Based on the current research on asset pricing, most seasoned investors think it’s sensible to overweight, or tilt, Emerging Markets stocks, Value stocks (stocks thought to be underpriced relative to their book value), and small stocks relative to their market weights. I designed this aggressive 100% stocks portfolio to do that globally to an extent greater than what is typically seen, while maintaining diversification across cap sizes and geographies. I dubbed it the Vigorous Value Portfolio because it does indeed tilt Value quite vigorously, and because we would expect it to be more volatile than something like 100% VT or the S&P 500.
This portfolio is not unlike Paul Merriman’s 4 Fund Portfolio, but this one more meticulously avoids small cap growth stocks and goes beyond U.S. borders. I’ll explain these details below.

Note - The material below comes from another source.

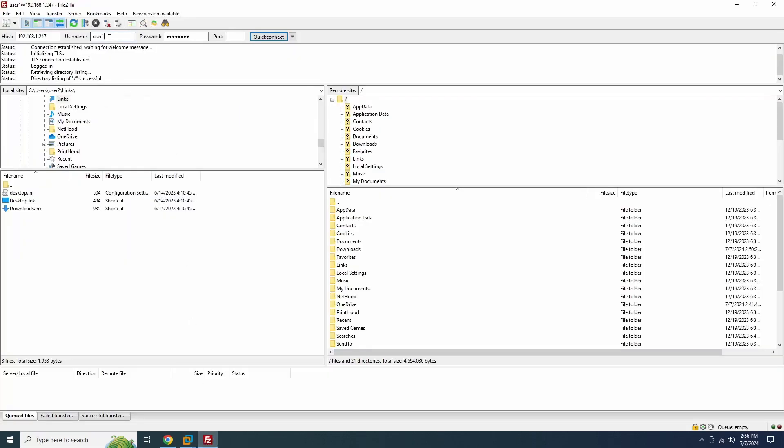All right, now that we've created an FTP account, let's test if we can connect to the server remotely using this new account.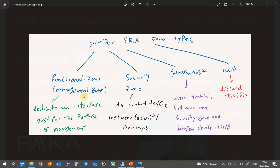A management zone interface can be used only for management purposes, like Telnet, SSH, and web interface to manage the device. Traffic cannot be routed and forwarded through the management interface, and the destination of the management traffic can only be the Juniper device itself. The management zone is useful in small SRX devices which don't have a dedicated out-of-band management interface. Junos Host zone is to control traffic between any zone and the Juniper device itself. By default, all traffic from any zone to the Juniper device itself are discarded, and all traffic from the Juniper device itself to all zones are permitted.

The Vigorous Value Portfolio looks like this:
15% U.S. Large Cap Stocks
15% U.S. Large Cap Value
30% U.S. Small Cap Value
5% Emerging Markets
5% Emerging Markets Large Cap Value
10% Emerging Markets Small Cap Value
5% Developed Markets (ex-US)
5% Developed Markets (ex-US) Large Cap Value
10% Developed Markets (ex-US) Small Cap Value
This portfolio uses a 60/40 ratio of U.S. to international stocks, 2:1 Value to Growth, roughly 1:1 large caps to small caps, and 1:1 Developed Markets to Emerging Markets. Here’s that visualized in the Morningstar X-Ray:
Below I’ll explain the reasoning behind each asset and subsequent fund selection in detail. Fund selection was based primarily on factor loading and secondarily on liquidity and fees. They’re basically the same funds I laid out in my post on the best Value ETFs across cap sizes and geographies.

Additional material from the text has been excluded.